WeRelate talk:Suggestions/Content Language Neutrality via Wikipedia/Wikidata

Below is the subsequent discussion which appeared on the WaterCooler.... --jrm03063 18:26, 6 January 2014 (UTC)

I'm looking at wikidata and reaching out to some folks over there. If anyone has contacts over there, would appreciate an introduction. Thanks! --jrm03063 14:21, 3 December 2013 (UTC)

Earlier discussions on this topic indicated that the different wikipedias are different.... So not interchangeable like that. --Jrich 18:51, 3 December 2013 (UTC)
Yes, they are different. It's also not certain that any given English language WP page will have corresponding biographies in other versions of WP - as well as which other language versions may be present.

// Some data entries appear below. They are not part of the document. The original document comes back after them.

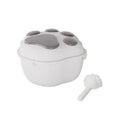 3kg Pet Food Storage Container Cat Dog Food Bucket with Lid for Fresh Keeping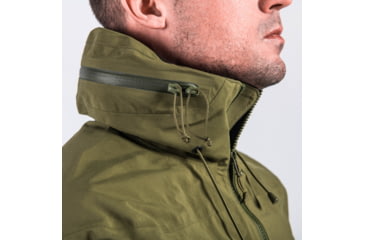 Image of OTTE Gear Mens Patrol Parka, Ranger Green, Small, M001032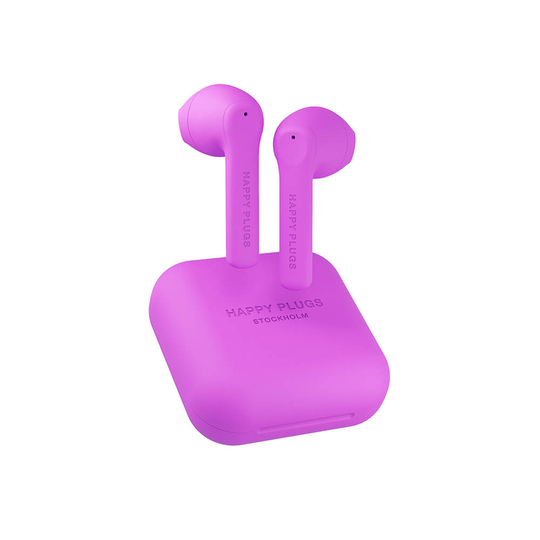 HAPPY PLUGS Headphone Air 1 Go In-Ear True Wireless Purple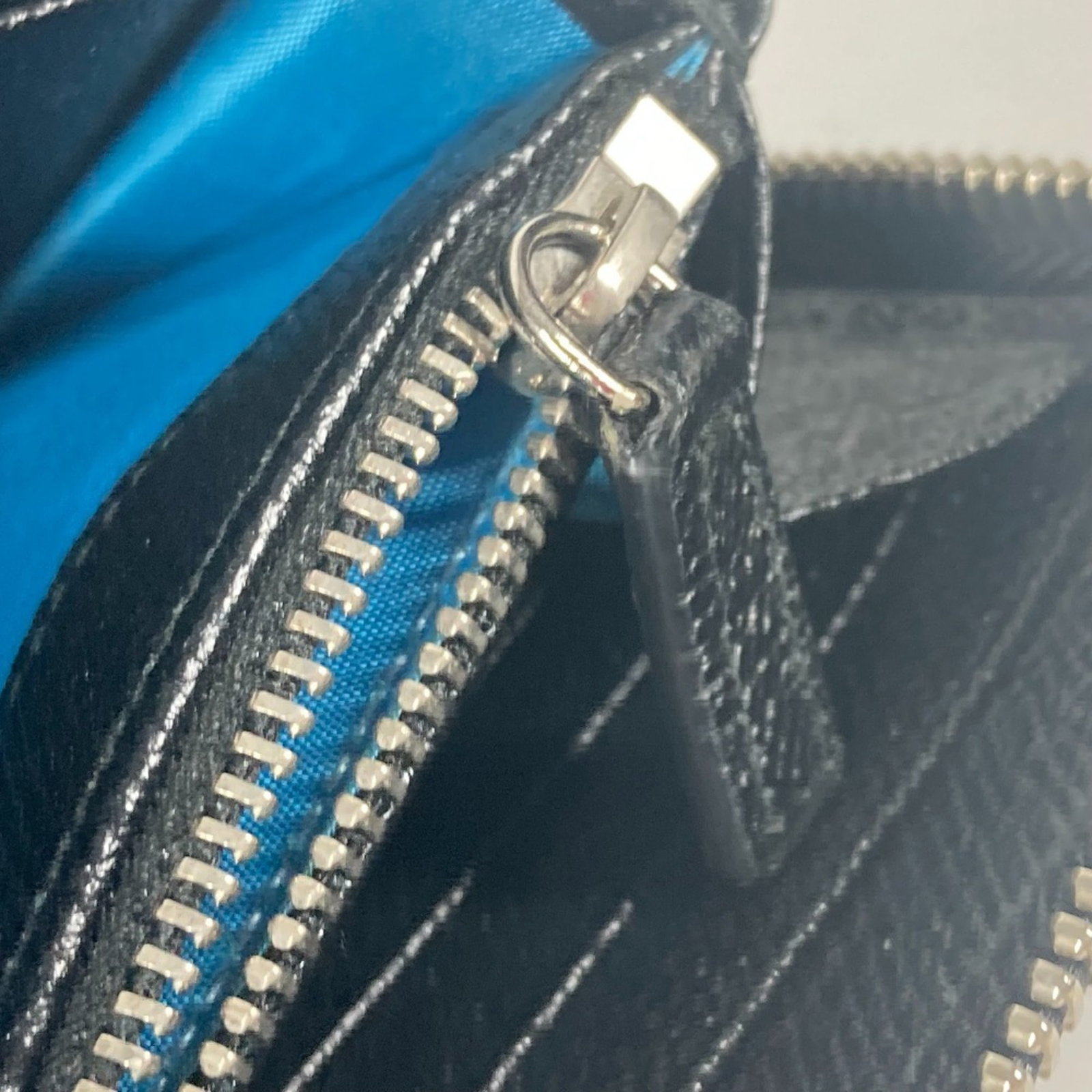 Long Bi fold Wallet Leather - 12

Finally, it's also true that different versions may be written quite differently - and in rare cases - will offer different facts.
Never the less, I believe that - when present - they are close enough for the purpose at hand. --jrm03063 19:00, 3 December 2013 (UTC)

I want to expand a little on why I think doing this is important, and not be seeming to simply blow off the concerns expressed above. The rationale as I would presently understand it, came from discussions I had w/werebear. His observation was that we're doing ourselves a disservice as far as reaching different language populations. For example, it would be natural to expect that people from France will be most comfortable seeing the French wikipedia and (presumably) that version will have the best coverage of French Aristocracy and Nobility. However, when folks who aren't native English speakers come to WeRelate - they'll find us to be relatively unfriendly for purposes of non-english speakers. This is unfortunate and - for purposes of famous people - possibly unnecessary.

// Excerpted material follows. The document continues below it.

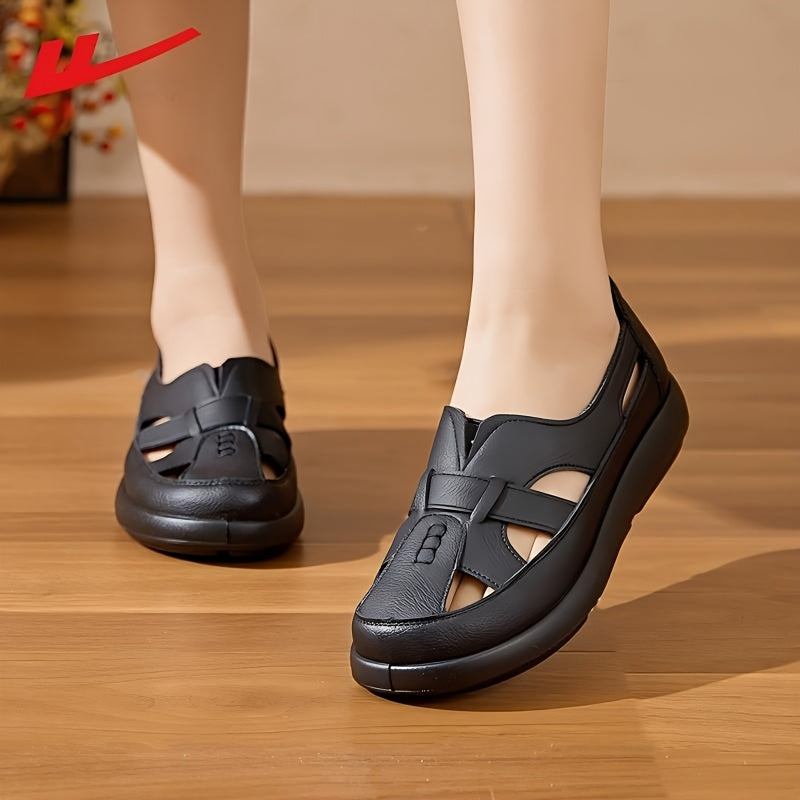 Nina – Trendy Platform Summer Sandals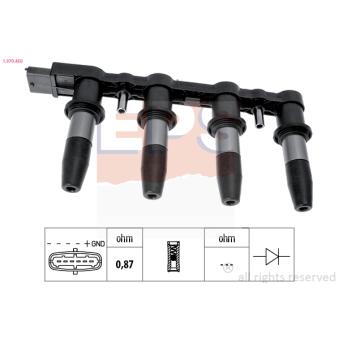 Bobine d'allumage EPS OEM 10458316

I would expect that, in general, the French WP is going to have very good equivalence coverage (relative to English WP) for the people of greatest interest to folks from France. A mere software transformation of our database (along with obtaining the other language versions of WP) could almost instantly make our content (related to famous French folks) accessible and welcoming. Presuming that they follow conventions, and that we develop procedures that are reciprocal - when folks from France associate a French WP page with a WR page - those of us who are stuck with English have a chance of seeing a page we'll understand too. Likewise for other languages.

It's certainly true that there can be an arbitrary number of discrepancies between pages - associated with a single individual or place - when that information is retrieved from different language versions of Wikipedia. But on the whole, those discrepancies should be minimal and - over time - they should have a tendency to diminish. In the meantime, we can leverage a large English WP time investment - to become - essentially overnight - vastly more welcoming to speakers of other languages. --jrm03063 22:10, 3 December 2013 (UTC)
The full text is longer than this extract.